Back when reviewing THE FLY (1986) a couple months ago, I touched on how it and DAWN OF THE DEAD (1978) work on several more levels than just merely being horror movies.

To a slightly lesser extent, the same holds true for COMMANDO within the action movie genre. Other Schwarzenegger films work on additional levels.

In THE TERMINATOR, for example, we get an unexpected tender love story between Kyle Reese (Michael Biehn) and Sarah Connor (Linda Hamilton).

In COMMANDO, we get the airline stewardess character named Cindy and played by Rae Dawn Chong, a part that Sharon Stone and Brigitte Nielsen wanted.

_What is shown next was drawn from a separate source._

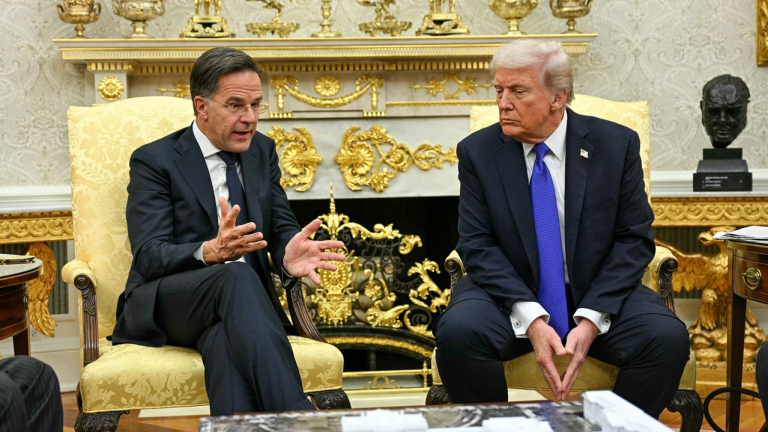 Politico: Οργή Τραμπ για το ΝΑΤΟ και τους «αχάριστους» Ευρωπαίους συμμάχους - Το παρασκήνιο της συνάντησης με Ρούτε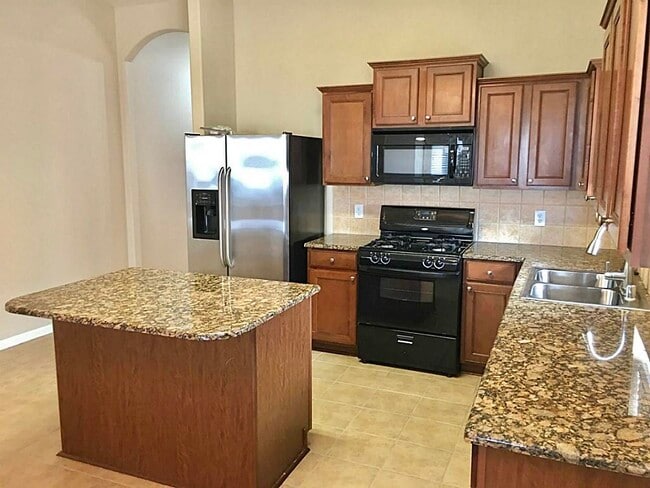 Building Photo - 6343 Richland Hills Dr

“The part was written for a Caucasian actress,” Chong said, “so I knew I had only one shot. My first reading with Arnold was this weird scene where he pulls a dildo out of my handbag. I knew other actresses were stumbling, because the character was supposed to shrug and say, ‘It gets lonely on the road.’ I thought that was so lame, so when my turn came I screamed and said, ‘That’s not mine!’ It got me the part. Was Arnold embarrassed about the dildo? Not even slightly. He didn’t break a sweat running a state, and he didn’t break a sweat handling a dildo then.”

Of course, there was a plan for a sex scene between Matrix and Cindy when they’re en route to the dictator’s island, but the studio did not like a Schwarzenegger and Chong pairing just as surely as Universal Pictures did not want a Schwarzenegger and Grace Jones pairing in CONAN THE DESTROYER. It worked out for the best in the long run, because that final scene of Matrix and his daughter boarding the plane with Cindy says all there needs to be said.

Cindy gives COMMANDO an extra dimension, a nice change of pace within a hypermacho world, and characters like her lift a genre picture even higher above others.